Records supplied: Begin

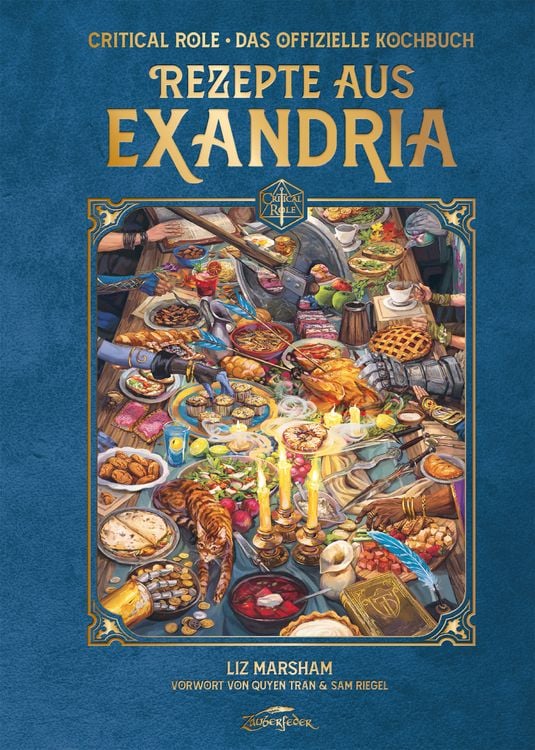 Produktbild: Critical Role: Rezepte aus Exandria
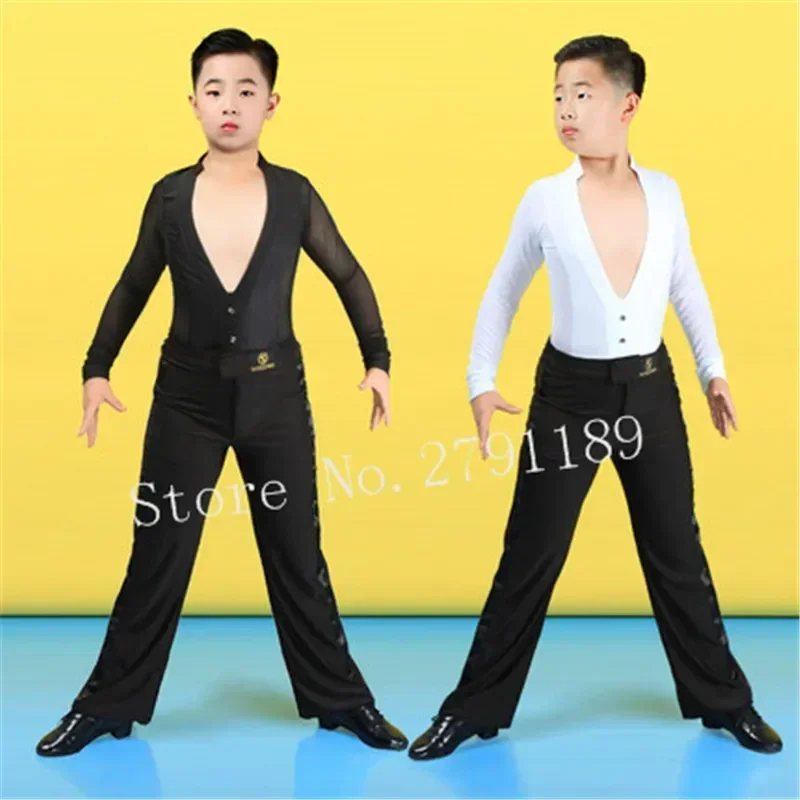 2021 Latin Dance V-neck Tops Black White Long Sleeve Shirts Practice Clothes Ballroom Chacha Samba Tango Latin Performance Wear
2021 Latin Dance V-neck Tops Black White Long Sleeve Shirts Practice Clothes Ballroom Chacha Samba Tango Latin Performance Wear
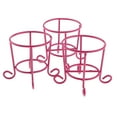 thumbnail image 2 of HILABEE 3pcs Drying Rack for Makeup Sponges Blender/Makeup Remover /Facial Pads Red, 2 of 9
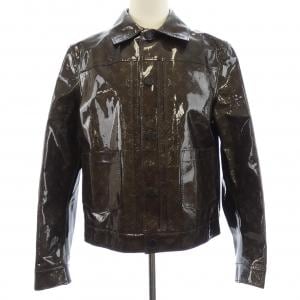 ルイヴィトン LOUIS VUITTON モノグラムエクリプス グレーズ HFL86EHWD レザージャケット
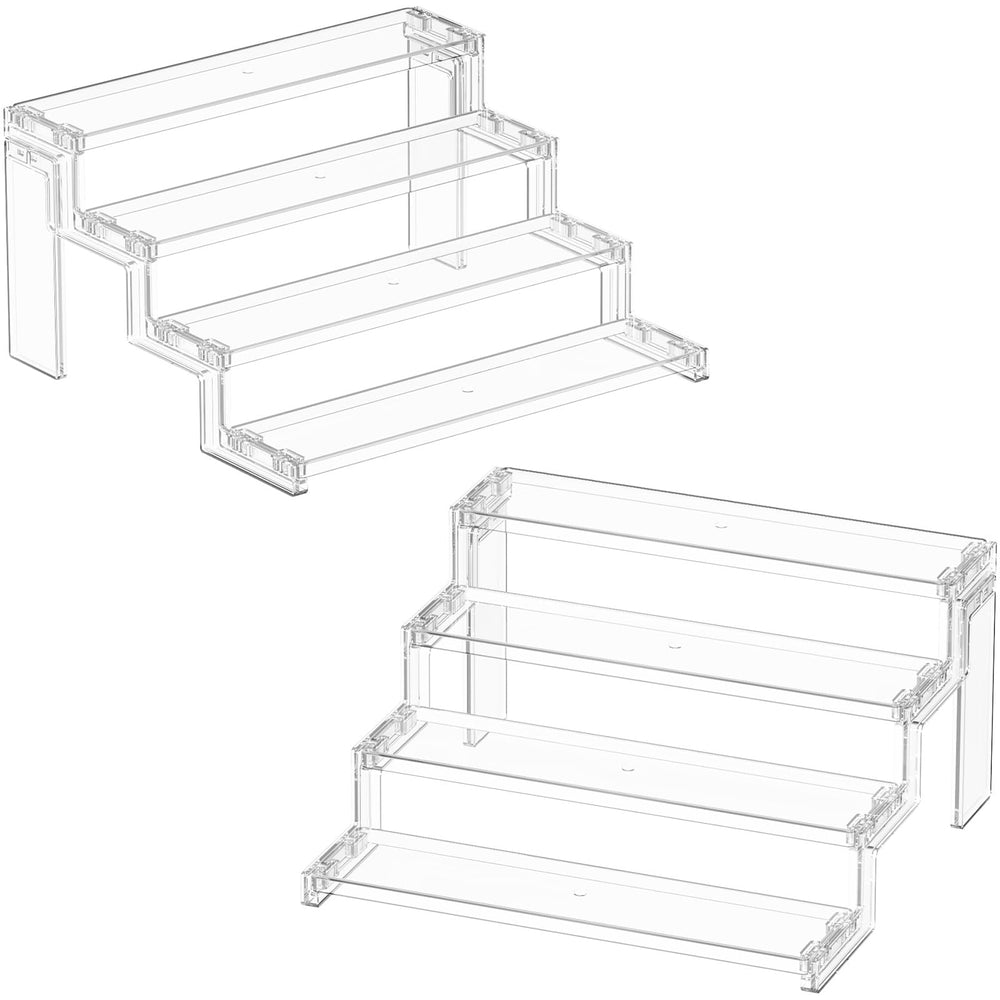 Lifewit 3 Tier Acryl Display Ständer, 1 Pack Etagere Regal Organizer 30,5cm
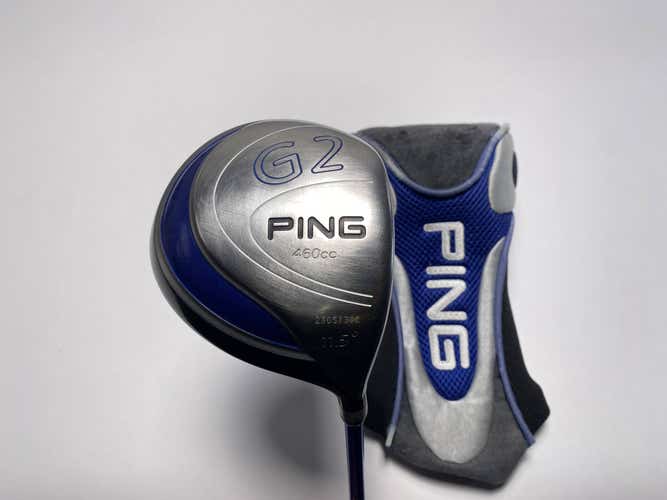 Ping G2 Driver 11.5* Grafalloy ProLaunch Blue 65g Regular Graphite Mens RH HC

Records supplied: End

● **Description of the task**
Send back every line above exactly, skipping all pictures.

● **Output for this task**
 Produktbild: Critical Role: Rezepte aus Exandria
 2021 Latin Dance V-neck Tops Black White Long Sleeve Shirts Practice Clothes Ballroom Chacha Samba Tango Latin Performance Wear
2021 Latin Dance V-neck Tops Black White Long Sleeve Shirts Practice Clothes Ballroom Chacha Samba Tango Latin Performance Wear
 thumbnail image 2 of HILABEE 3pcs Drying Rack for Makeup Sponges Blender/Makeup Remover /Facial Pads Red, 2 of 9
 ルイヴィトン LOUIS VUITTON モノグラムエクリプス グレーズ HFL86EHWD レザージャケット
 Lifewit 3 Tier Acryl Display Ständer, 1 Pack Etagere Regal Organizer 30,5cm
 Ping G2 Driver 11.5* Grafalloy ProLaunch Blue 65g Regular Graphite Mens RH HC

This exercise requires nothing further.